REVIEW: BOAT PEOPLE (Pentameters Theatre) ★★★

Boat People is a confident first outing from emerging playwright, Emma Park, with a mini courtroom drama, packed with dramatic testimony.

In the High Court, before a sedate Mr Justice Barebones, (Bryan Hands), the animated Captain Papangelos (played expertly by Giorgio Galassi) is called as a witness, in defence of his employers.

The captain is pitted against a hard-nosed and high-flying Miss Featherstone (Louise Morell), who paints the captain unfavourably and besmirches his good character, finally submitting the good captain put the safety of his ship in danger to rescue immigrants floundering at sea.

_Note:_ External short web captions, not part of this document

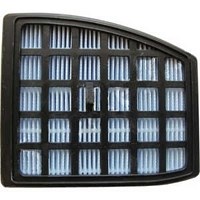 Hepa фильтр  Vax 1-1-130996-00  для пылесоса Vax C89-P7N 1113099600 - фото 5020
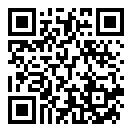 异界刷怪系统二维码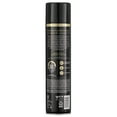 thumbnail image 4 of TRESemme Hair Spray Extra Firm Control (14.6 Ounce 2 Pack), 4 of 5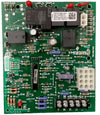 50M56-291-04 furnace control board PCBBF140S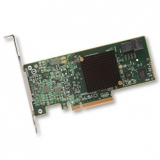 Broadcom Limited HD Controller 052610500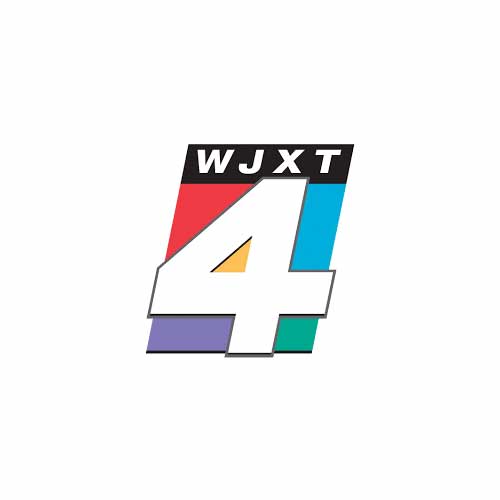 news4jax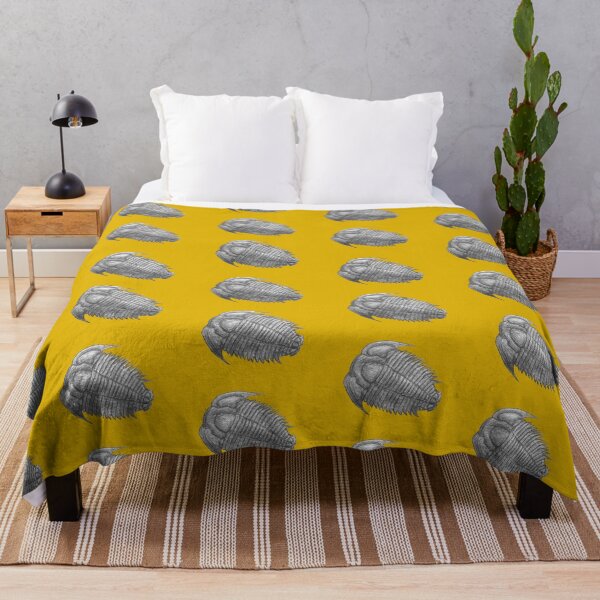 Item preview, Trilobite fossil  designed and sold by DoodleSnake58.
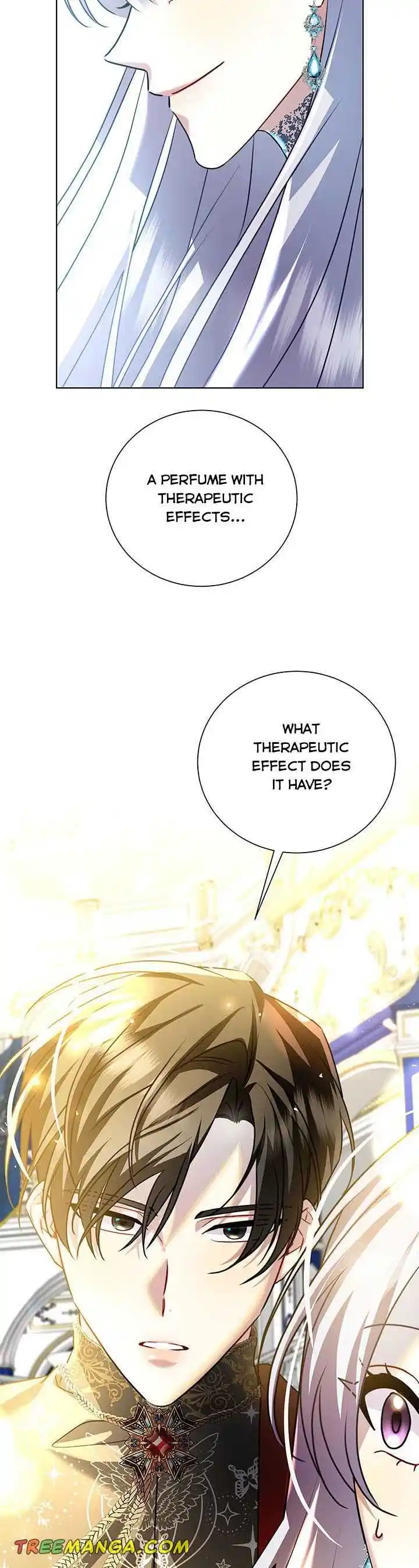 ManhwaFull Chapter 79.5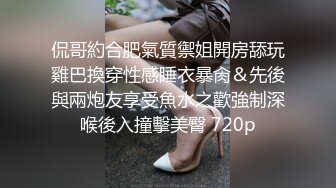 淫荡小骚货  里面穿着比基尼 趴在健身球上揉穴，呼国    吸急促一直浪叫 ，跪着后入性感美臀 ，大屁股骑坐啪啪声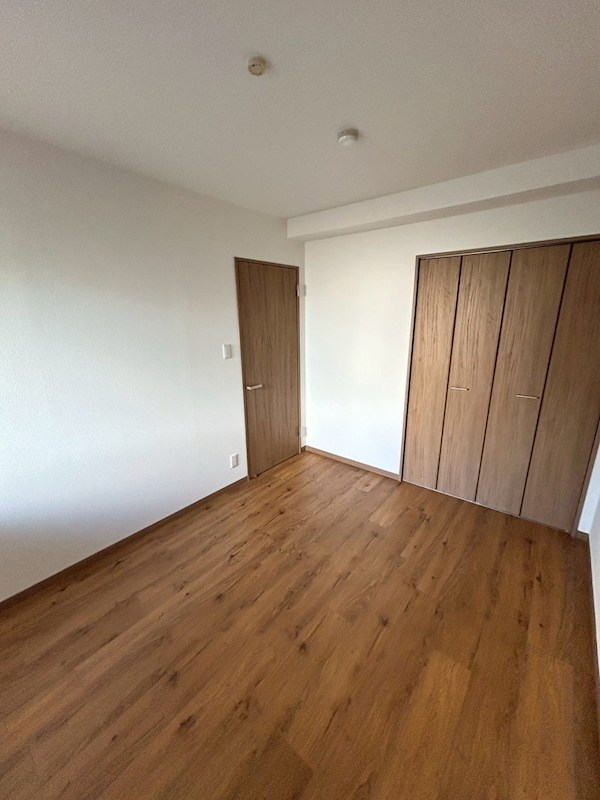 ボヌール高松 その他12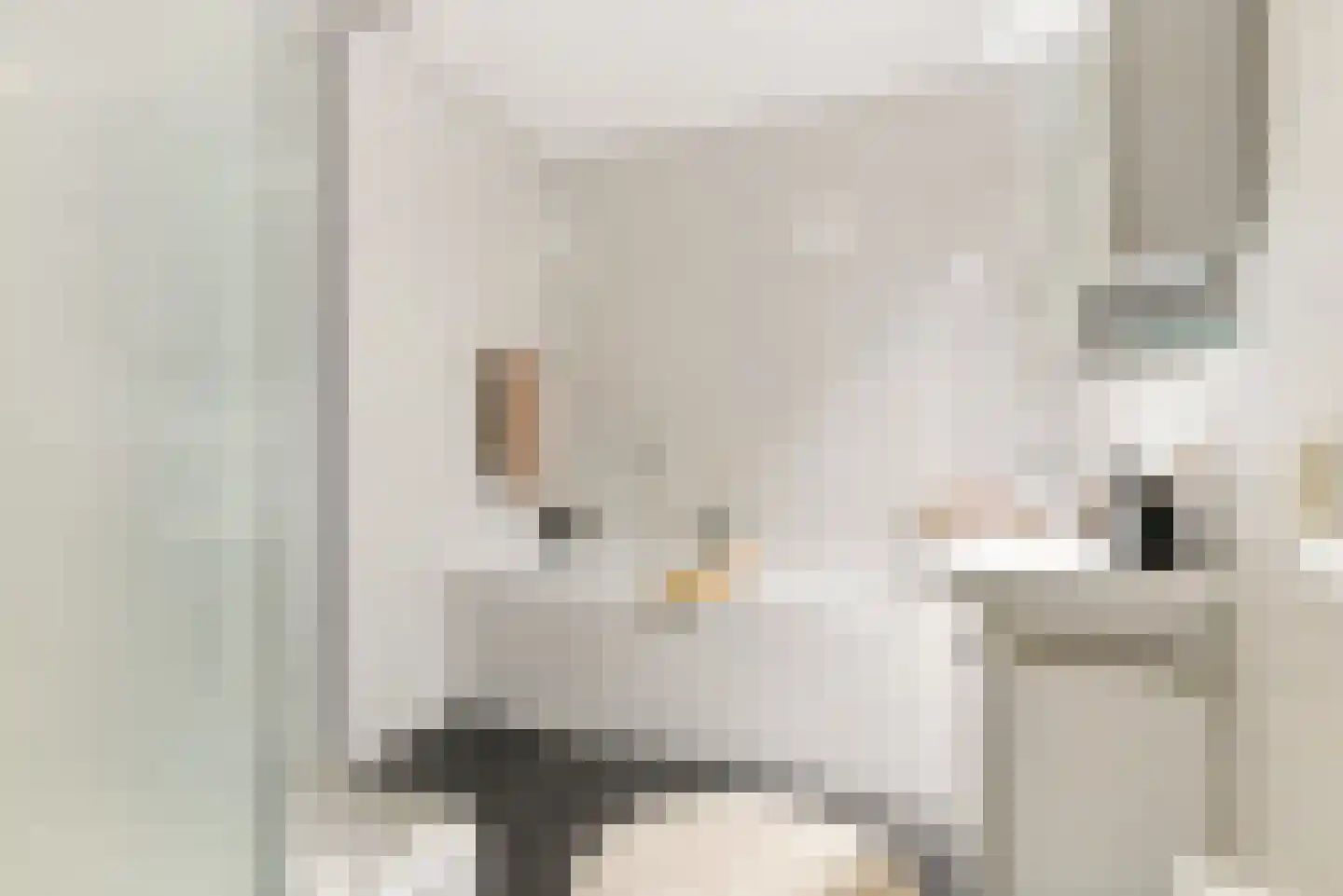 Lekplantsoen 1 Utrecht thumbnail 24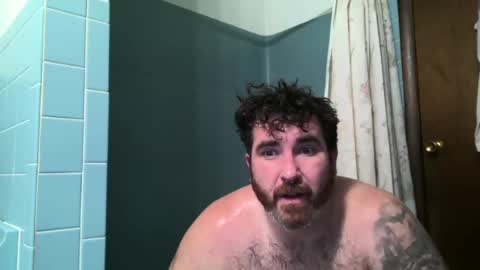 Davis online show from 07-28-26, 04:39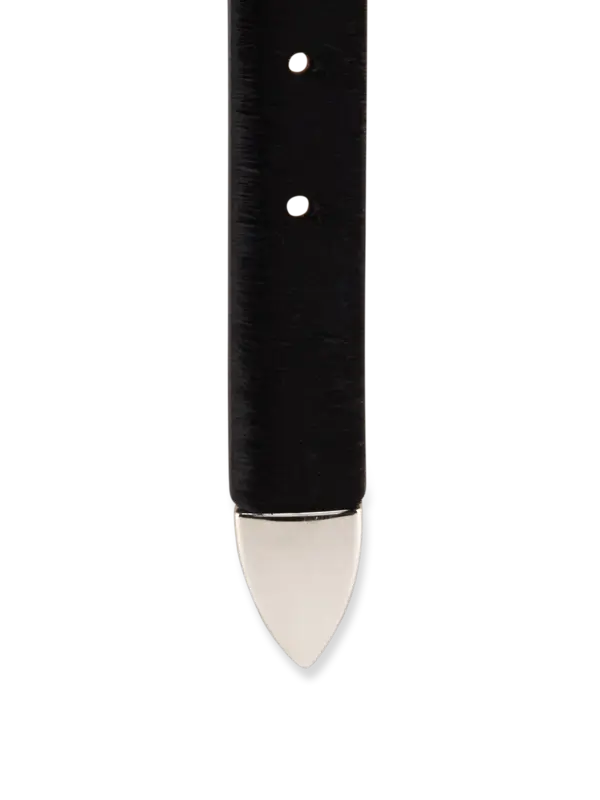/original/HOLLYCAV_DEHA_Cavallino_5.png_convert-600x800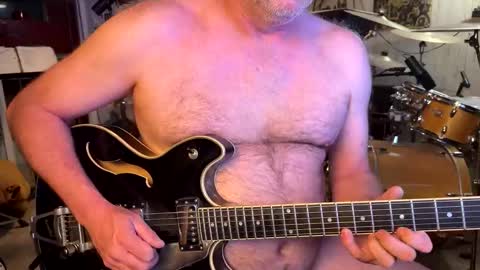 Smoochface online show from March 15, 2:38 am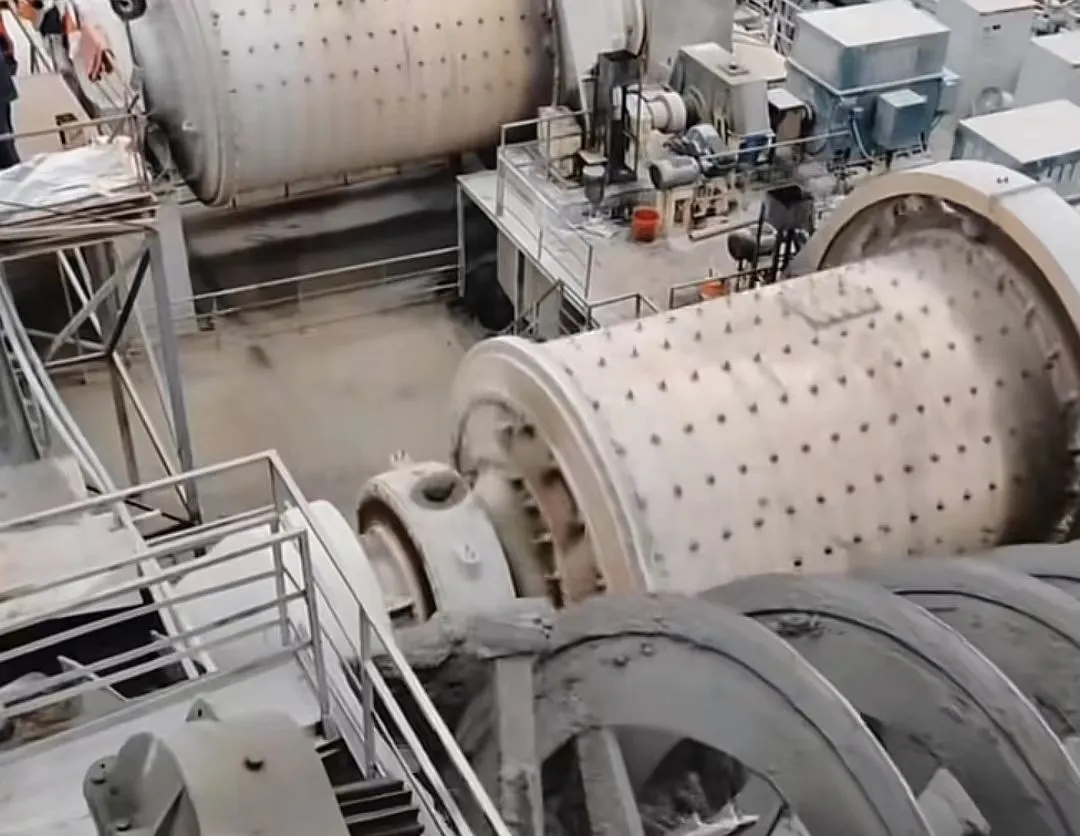 Why does grinding fineness often decrease when the grinding throughput is increased?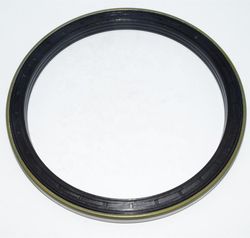 Motorcycle Oil Seal Front Fork Oil Seal 30*42*11 Size
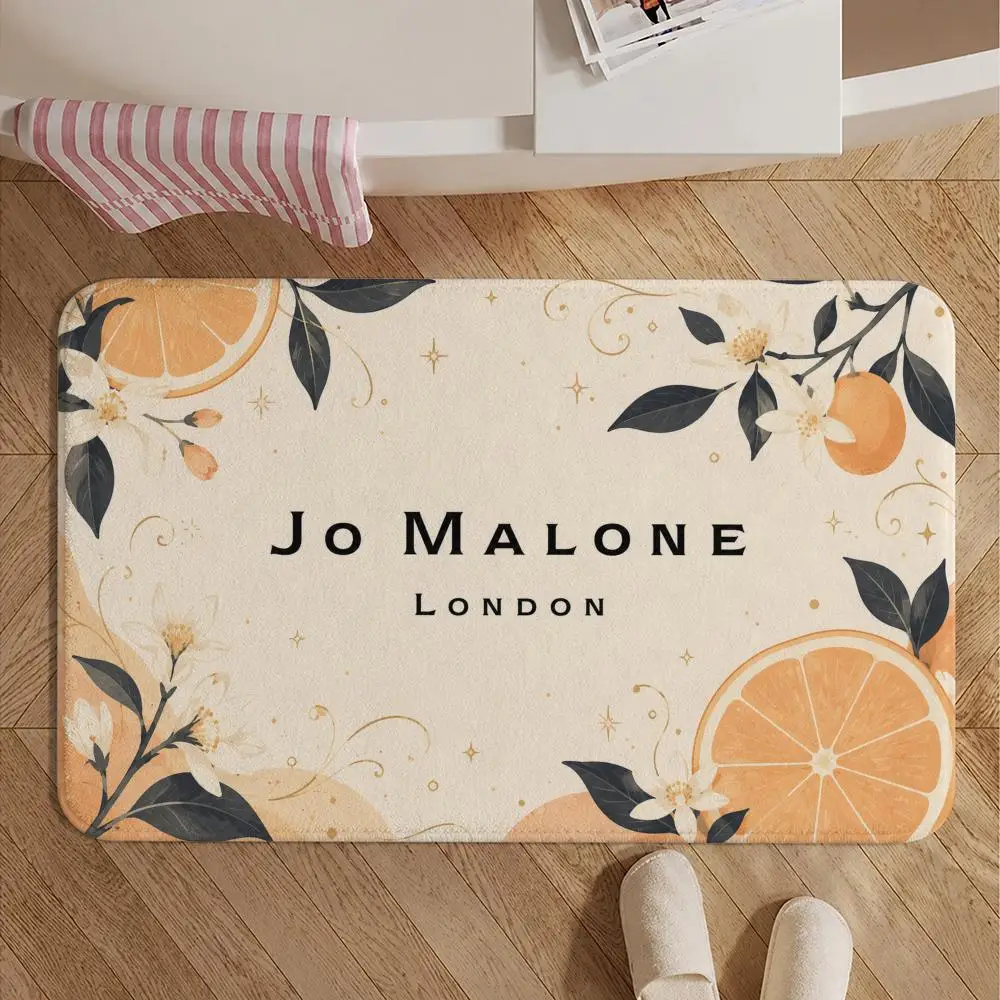 Brand-Jo Malone LondonS Floor  - Home Textiles London review and price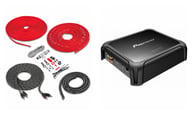 GM-DX871, BAK42 big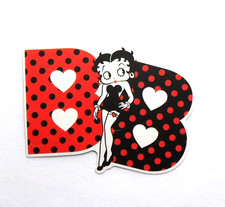 vianille - Sticker autocollant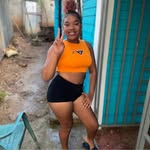 De Los Santo Trinidad - @wandatrinidad45 - Instagram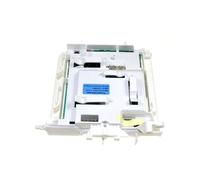 MODULE ELECTRONIQUE CONFIGURE pour LAVE LINGE ARTHUR MARTIN - 97391452210200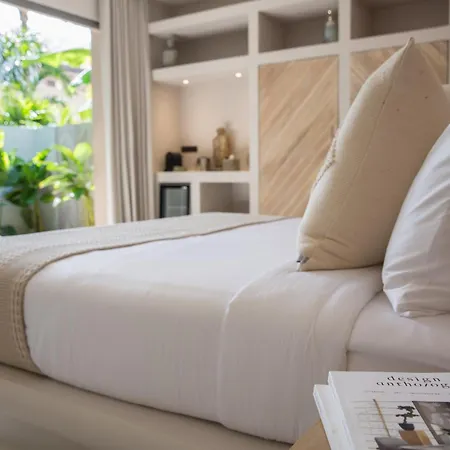 Cielo Boutique Hotel & Spa Samui-3
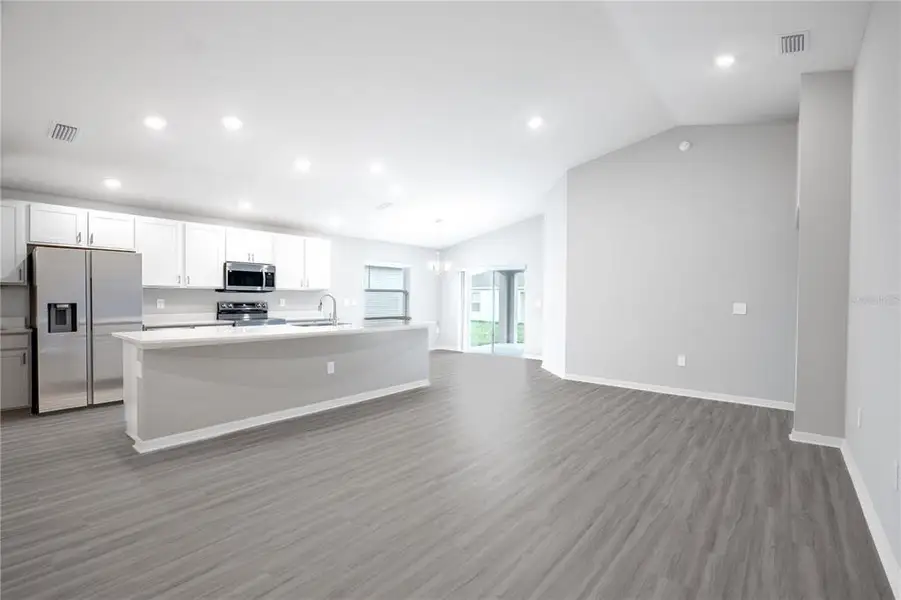 Image 14 of a home in Cypress Ridge Ranch.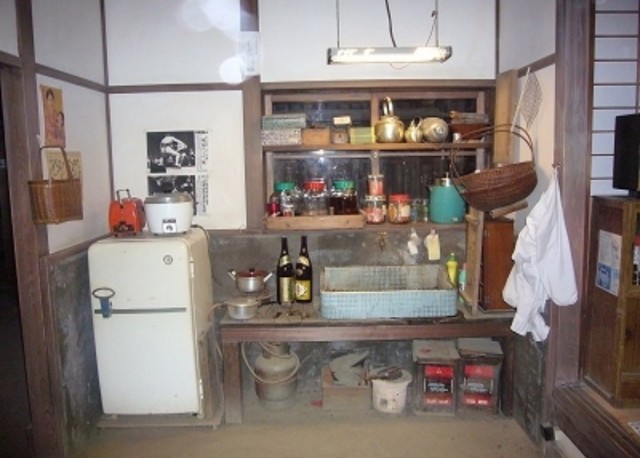 f:id:Ayako28:20181005181419j:plain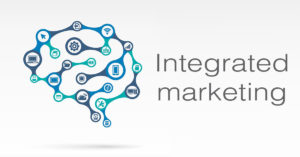 3 Reasons Why Your Business Needs an Integrated Marketing Campaign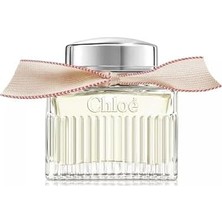 Hd Group Chloe Lumineuse Edp 50 ml Parfüm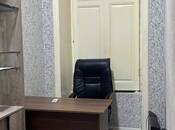 Сдаётся  объект 27 м², м. Сахил, photo 1 from 6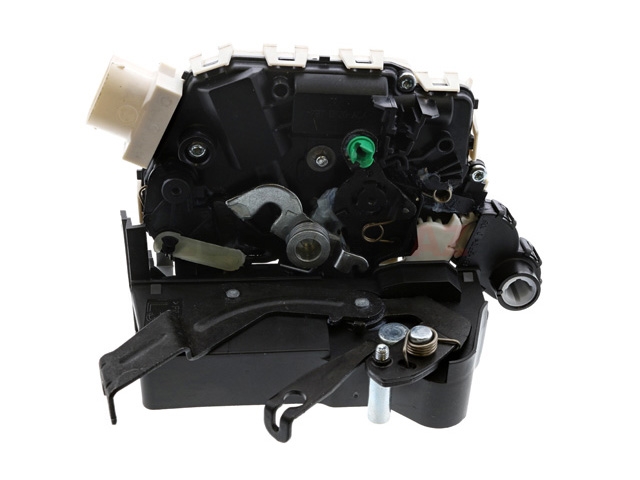 GENUINE LAND ROVER FRONT LATCH RANGE ROVER 13 RANGE ROVER SPORT 14 DISCOVERY SPORT NEW DISCOVERY LH LR078731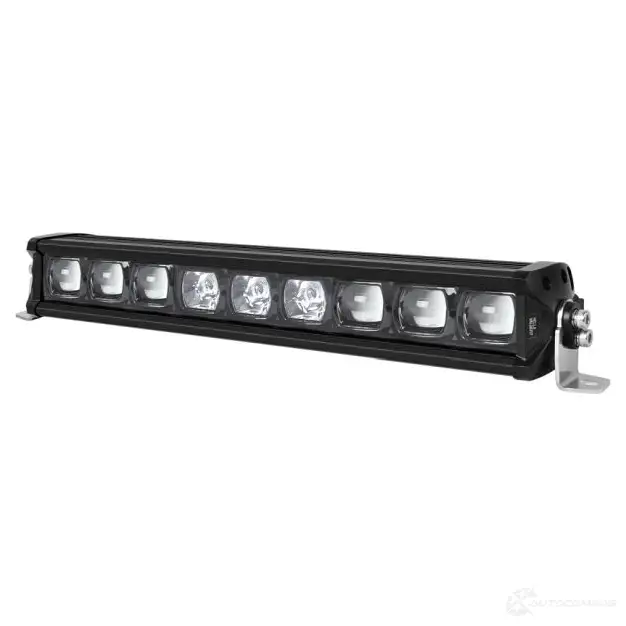 Лампа освещения салона HELLA 1GJ 360 002-002 1193312953 DBZUL Lightbar LBX-540 LED - Изображение 1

This extended playlet tells the story of a man’s honour and sense of duty in a rapidly-changing world, which no longer values these sentiments. Curiously, the dialogue tells the audience more from what it leaves out than what it reveals – the Q&A session with the playwright afterward revealed the audience were left with some unanswered questions; including the outcome of the court case.

Roger Sansom’s dialogue is confined to opening the court’s business and calling the witness; nevertheless, Sansom’s facial expressions reveal all you need to know about his thoughts on the testimony.

Overall, the production isn’t bad. It’s 40 minutes well-spent, but just as the story gets going and the audiences interest is peaked – blackout! The audience was left wanting answers, a result, a verdict, a conclusion. The story has a start, a middle, but in this case, no end. The story has so much it could give and the faux wood panelling and black gowns effect could have been achieved better by stripping this production back down.

When the major criticism is the brevity though – you must be getting something right.